Nathan Mueller, Exension Educator for Dodge and Washington Counties: Even less has been harvested here: 5% of soybeans and 1%-2% of corn. Last year at this time 20% of beans and 10% of corn had been harvested. Early soybean yields were high -- 60-70 bu/ac. Farmers are already talking about compaction problems from harvesting when fields were too wet, but harvest is too far behind for them to wait for soils to dry out.
Wayne Ohnesorg, Extension Educator in Madison County:We’ve had over 5.5 inches of rain in Norfolk in the last week. Virtually no corn grain has been taken out in my area. Bean harvest is at about 1% and we haven’t seen any shattering yet. Alfalfa and pastures look good.
Keith Jarvi, Extension Educator for Dixon, Wayne, Cedar and Knox Counties: We’ve gotten a lot of rain the last couple of weeks and only about 1% of our beans are out. Some have cut corn silage, but most everything is still in the field as growers wait for some dry weather.
Tyler Williams, Extension Educator in Lancaster County: Some corn has been harvested, but very few soybeans. People have been generally pleased with yields as we didn’t really hit a dry period here. Wet areas of fields may linger for a while.
Steve Melvin, Extension Educator in Hamilton County: Conditions here are wet but growers had some dry periods to get corn silage and 10-20% of the soybeans out. Growers are getting a little nervous about harvest and will be rolling hard and fast if we get some good weather. Wheat planting has been delayed for some waiting to get their beans out. It’s going to be a difficult harvest–hard on equipment and slow. Some low areas in the middle of a field may lead to compaction or ruts. Reported soybean yields from the early harvests before rain set in were amazing. Seed corn harvest is progressing well.
Todd Whitney, Extension Educator in Phelps County: With drier conditions growers were able to return to corn harvest yesterday. About half of the soybeans are out and growers are reporting good yields, although there’s been some shattering. About a third of wheat growers got their wheat in before the rain and it’s up about 3-4 inches, looks good, and they are very optimistic. The remainder are hoping to get their wheat seed this week. We’re seeing some abnormal corn ears.
Karen DeBoer, Extension Educator in Cheyenne County: We are getting over some pretty cold temperatures here with it dropping to 30 °F this morning. We got 3 inches of heavy wet snow Monday morning. Anyone who had their wheat planted is in good shape, but others will need to wait for conditions to dry out. Some had cut their pearl millet and it’s in windrows but now they’re waiting for soils to dry to finish harvesting the millet and planting their wheat.

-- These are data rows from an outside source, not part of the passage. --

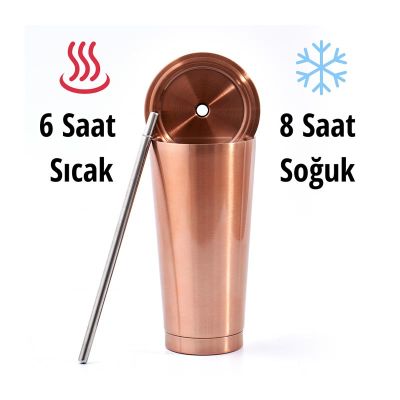 Ozdusk Paslanmaz Pipetli Termos Matara, 500 ml, Bakır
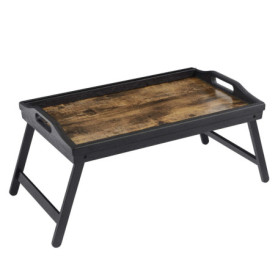 Table de Lit en Bambou Réglable pour Ordinateur Portable - Marron Rustique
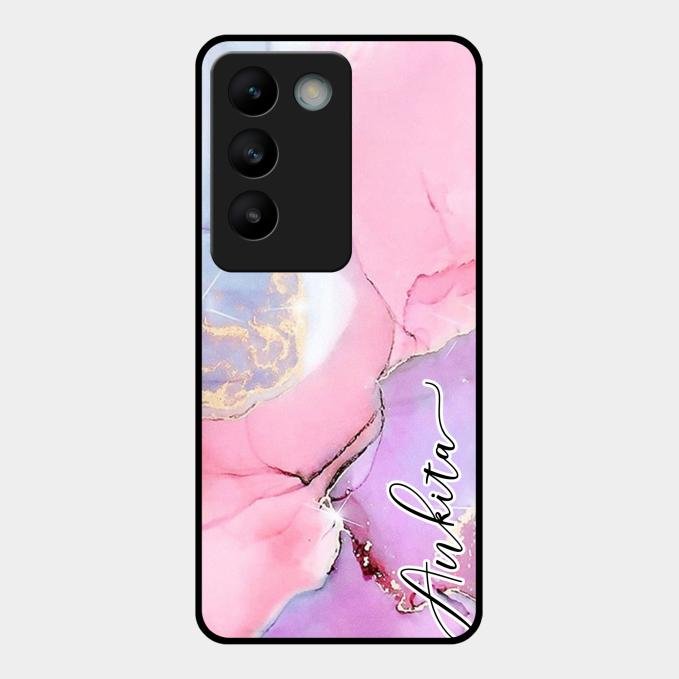 Pink Marble Glossy Metal Case Cover For Vivo T3 5G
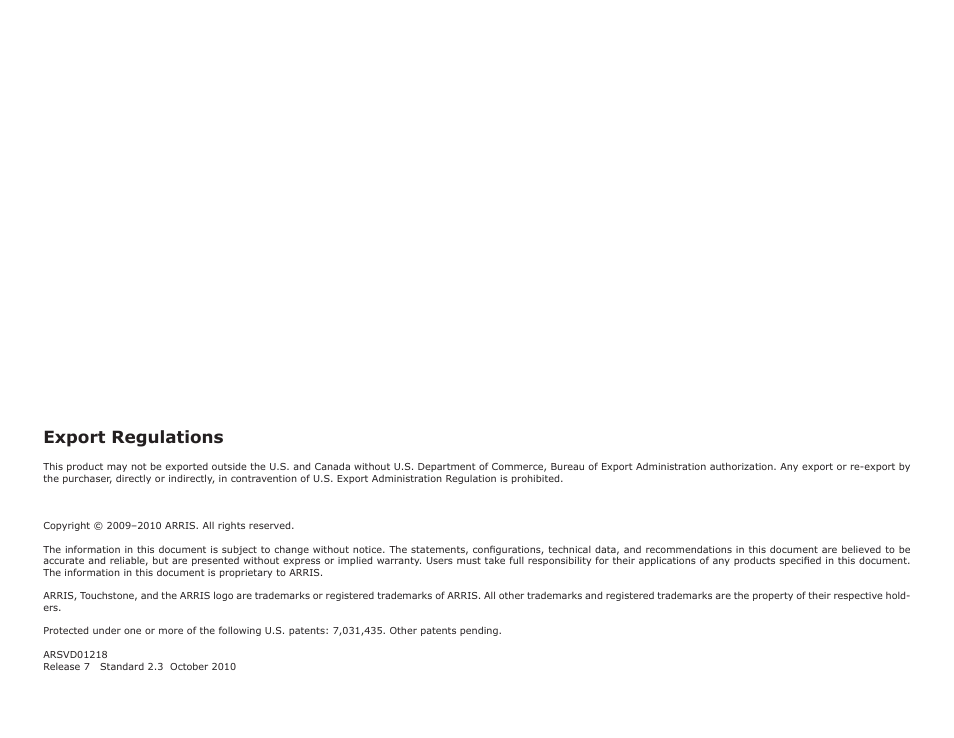 Export regulations | ARRIS TM722G-CT User Guide User Manual | Page 2 / 73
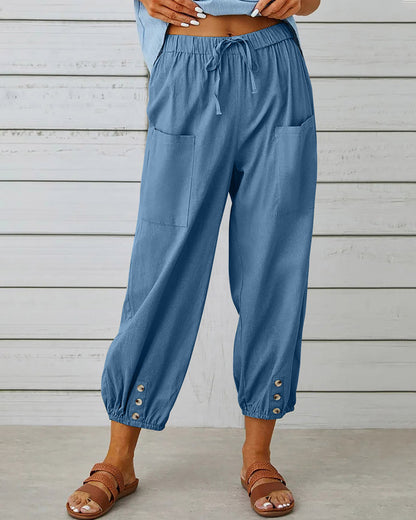 Camille - Bequeme Cargohose mit Kordelzug und Knöpfen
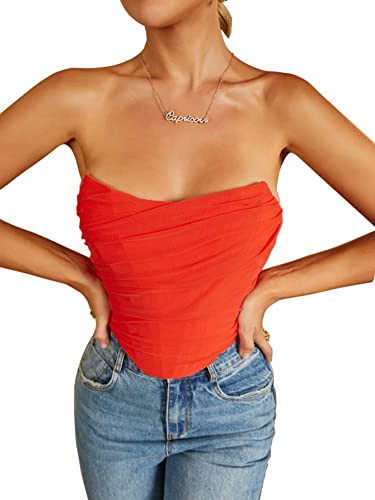 MOALLUOM Mesh Corset Crop Top Bustier Underbust Boned Backless Sleeveless Strapless Off Shoulder Aesthetic Bodyshaper for Women Y2K (Tangerine, 2-4) | Amazon (US)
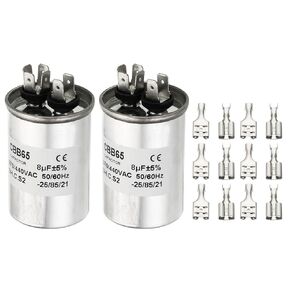 PATIKIL 6uf 6MDF 370/440VAC Fan Start Capacitor,2Pcs CBB65 Circular Run Capacitor for Air Conditioner Cool Heat Pump Condenser Straight with Wire Connecting Terminal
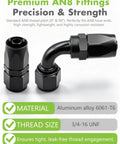 Must-Have 8AN CPE Fuel Line Kit With 20FT Nylon Braided Hose And 0 Degree Plus 90 Degree Swivel Fittings For High Performance Street Cars And Race Rigs AN8 aluminum 90-degree fitting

Strahinja Stepanovic, Extension Educator in Perkins, Chase, and Dundy Counties: From mid-August to mid-September we received 0-0.20 inch of rain. People were afraid to plant at the optimal planting date for wheat as there was so little moisture and then when rains were predicted, they tried to get in as much as possible. Those early planted wheat fields look great now. Some growers were planning to plant later to avoid wheat streak mosaic and now, given the wetter conditions, may have to push back planting even further. Some corn isn’t at black layer yet.
Gary Lesoing, Extension Educator in Nemaha County: Much needed rain brought harvest to a halt in southeast Nebraska. Crop yields in general are probably better than expected overall, but quite variable. There are some excellent dryland corn yields around 200 bu/ac and soybean yields at 60-70 bu/ac.